> [EXERCISE]
The full listing, returned exactly and free of pictures, is the expected answer.

> [SOURCE MATERIAL]
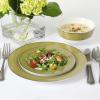 Martha Stewart Gracie Lane 12-Piece Porcelain Chip and Scratch Resistant Decorated Dinnerware Set – Sharkey Grey w/Gold Rim(Olive Green w/ Gold Rim)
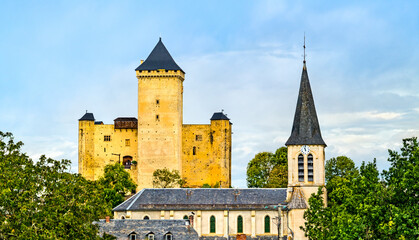 Castle and church in Mauvezin - Hautes-Pyrenees, Occitanie, France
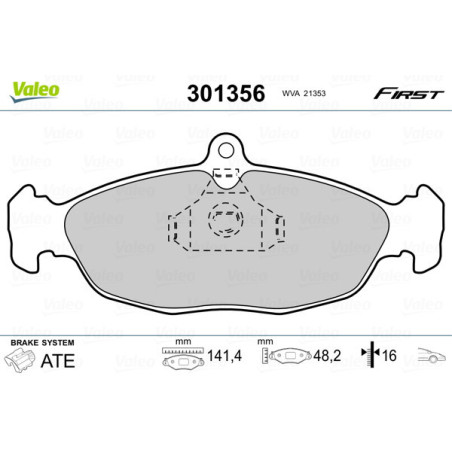 VALEO 301356 Brzdové destičky Přední pro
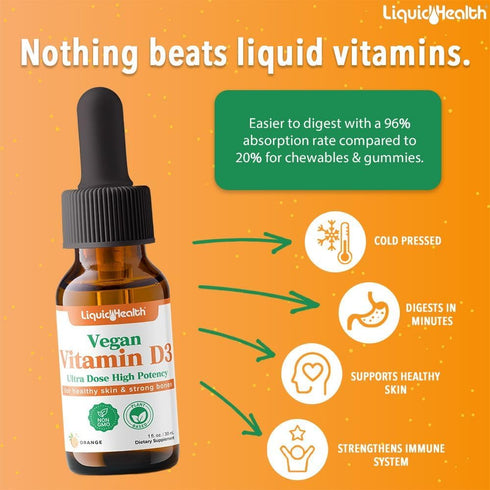 LIQUIDHEALTH Liquid Vitamin D3 5000 IU, Vitamin D Liquid Drops, Adults & Kids, D3 Vitamin D Drops, for Immune Support, Bone Health, Mood Support -...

> [SOLUTION FOR THIS TASK]
 Martha Stewart Gracie Lane 12-Piece Porcelain Chip and Scratch Resistant Decorated Dinnerware Set – Sharkey Grey w/Gold Rim(Olive Green w/ Gold Rim)
 Castle and church in Mauvezin - Hautes-Pyrenees, Occitanie, France
 VALEO 301356 Brzdové destičky Přední pro
 LIQUIDHEALTH Liquid Vitamin D3 5000 IU, Vitamin D Liquid Drops, Adults & Kids, D3 Vitamin D Drops, for Immune Support, Bone Health, Mood Support -...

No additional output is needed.